■ What you will do ■
Repeat the listing exactly, minus the pictures.

■ Data segment ■
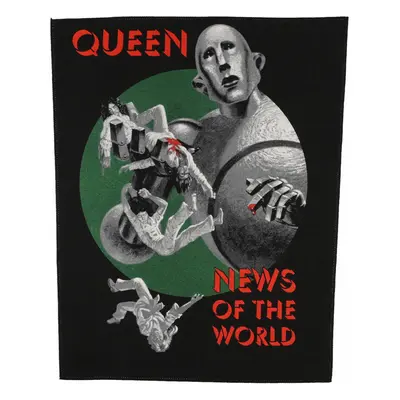 nášivka velká QUEEN - NEWS OF THE WORLD - RAZAMATAZ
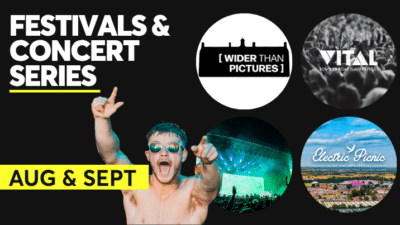 Festivals & concert series in August & September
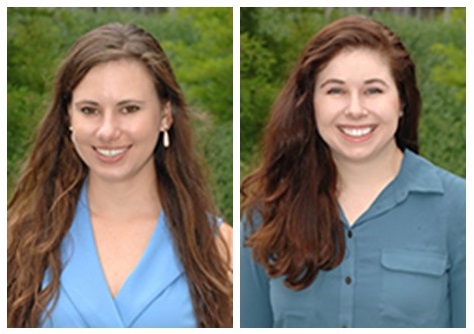 Mary Bedard and Lauren Falkenberg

■ Answer to the problem ■
 nášivka velká QUEEN - NEWS OF THE WORLD - RAZAMATAZ
 Festivals & concert series in August & September
 Mary Bedard and Lauren Falkenberg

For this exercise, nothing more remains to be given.